Dan di sini disebutkan oleh penulis rahimahullāh,

((وشرائط وجوب الزكاة فيها أربعة أشياء: الإسلام والحرية والملك التام والنصاب))

((Dan syarat wajib zakāt pada pertanian dan buah-buahan ada 4 (empat) syarat, yaitu: ⑴ Islām, ⑵ Merdeka, ⑶ Memiliki kepemilikan yang sempurna dan ⑷ Nishab.))

• Islām, merdeka dan memiliki kepemilikan yang sempurna adalah syarat umum, kemudian ditambahkan nishab (sudah mencapai nishab) dan nishabnya sudah disebutkan.

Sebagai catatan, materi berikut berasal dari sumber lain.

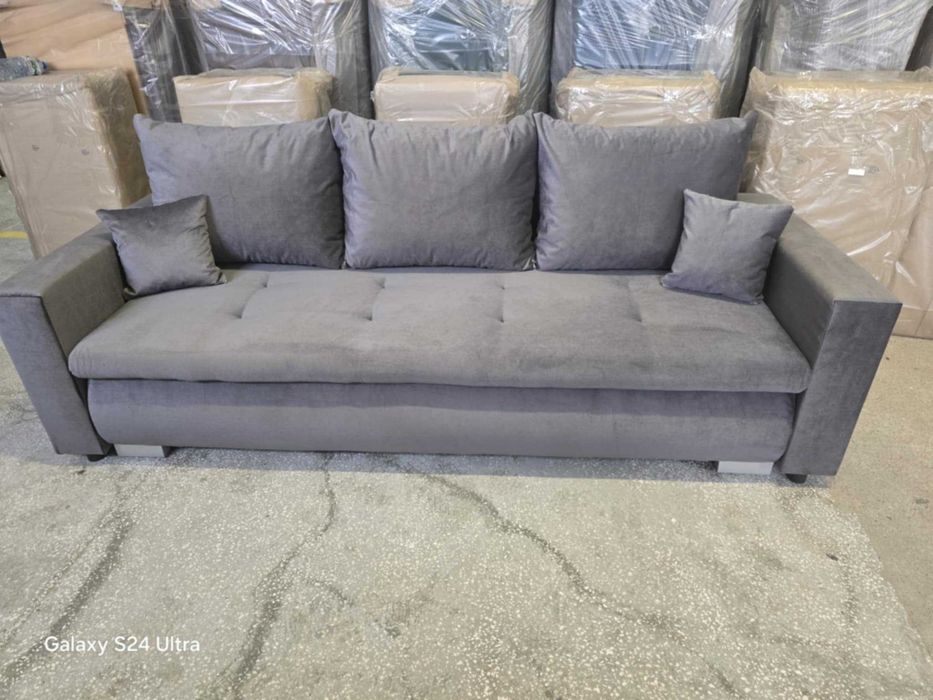 Sofa MIA. Kanapa rozkładana z boczkami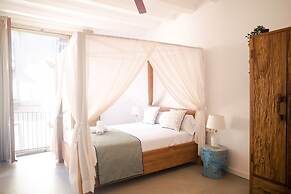 Apartamentos La Guarida 1820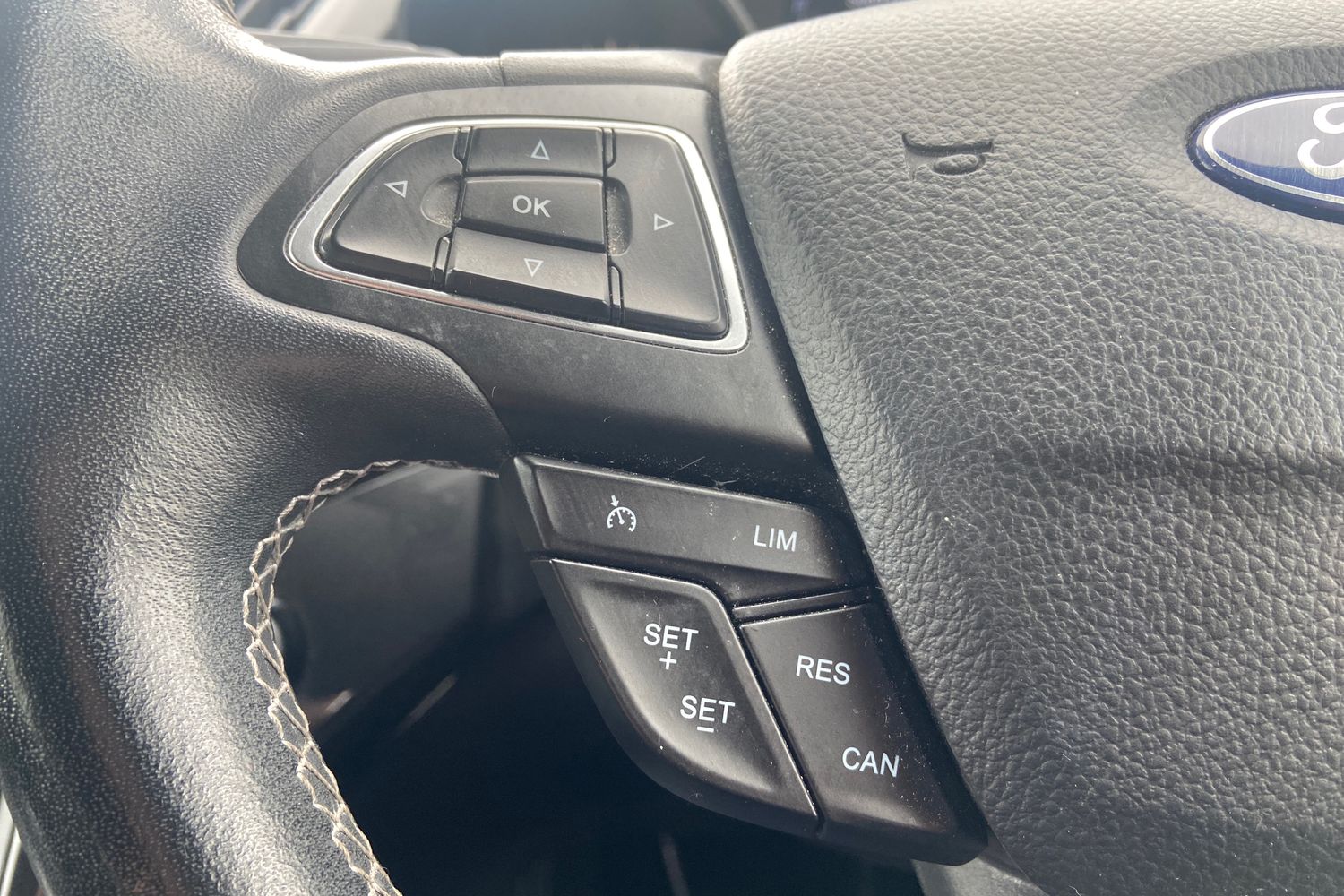 Ford KUGA Photo 29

لَيسَ فِيمَا دُونَ خَمسِ أَوسُقٍ صَدَقَةٌ

"Dan tidak ada sedekah atau zakāt hasil pertanian yang dibawah 5 (lima) ausuk,"

(Hadīts Riwayat Bukhāri nomor 1405 dan Muslim nomor 979)

Jadi tidak ada zakāt apabila kurang dari 5 ausuq.

⇒5 ausuq adalah satu takaran yang sudah disebutkan baik dari tamr maupun biji-bijian tidak terkena zakāt

Berkata penulis rahimahullāh:

((وأما عروض التجارة فتجب الزكاة فيها بالشرائط المذكورة في الأثمان ))

((Adapun barang-barang yang akan digunakan untuk perdagangan, maka syarat wajib zakātnya adalah sebagaimana yang disebutkan di dalam zakāt emas dan perak.))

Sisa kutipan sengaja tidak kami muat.